Transforming into the "full kit" of the Grand High Witch took up to five hours in the make-up chair every morning, and she only recently revealed to the media that she was secretly pregnant with her second son during filming.
She said: "You have to keep as chill and positive as you can, so I listened to a lot of Oprah's (Winfrey) SuperSoul Sunday podcasts."

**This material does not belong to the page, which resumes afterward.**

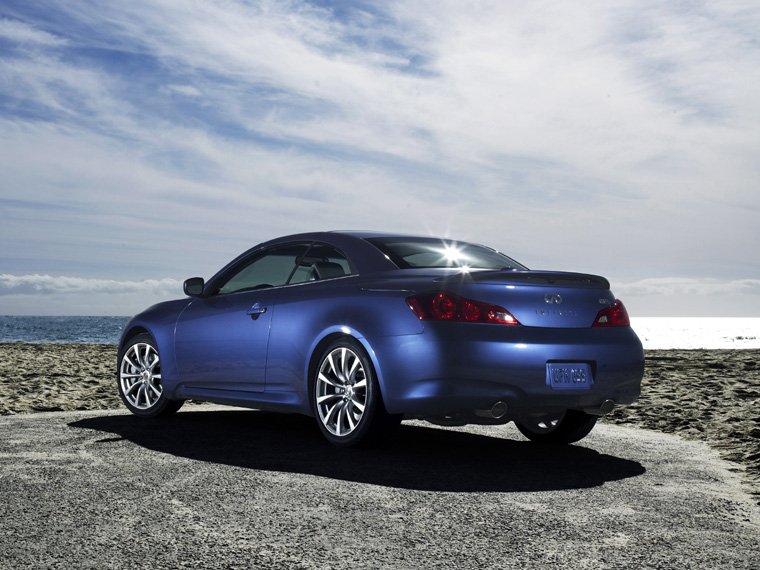 2011 Infiniti G37 Convertible Picture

Hathaway also credited reality TV drag queen show RuPaul's Drag Race - which she is a huge fan of - for helping her bring the campy, over-the-top villainess who sports a creepy-yet-funny Norse accent to life.
"I took every single thing I'd ever learnt from Drag Race, in terms of how to make that kind of fabulous entrance, and to the overall performance."
On playing her first all-out evil role, she added: "It feels pretty good! The thing I enjoyed the most was her brazenness, because it's a bit of a departure from the book, where witches try very hard to live amongst people and pass off as seemingly nice women.
"But also one of the themes that emerged for me, and from our goal in telling this story, is to really empower kids.
"Yes, evil is scary, but it's ultimately really ridiculous, and while it's dangerous, the best thing you can do is stand up to it and laugh at it.
"Bad people will be as bad as they can be and wind up taking over everything, until someone has the courage to stand up to them."
As for the inevitable comparisons to Huston's performance, which Hathaway calls "memorable and flawless", she said: "Whenever I get nervous about that, I keep reminding myself there have been, in the past 30 years, six Batmen and four Jokers, three James Bonds, and if we include the multiverse, there have been a lot of Spider-Men too.
"We do have the capacity to hold multiple interpretations for the same part, we do it all the time. So I'm just hoping that people remember to afford other characters this possibility."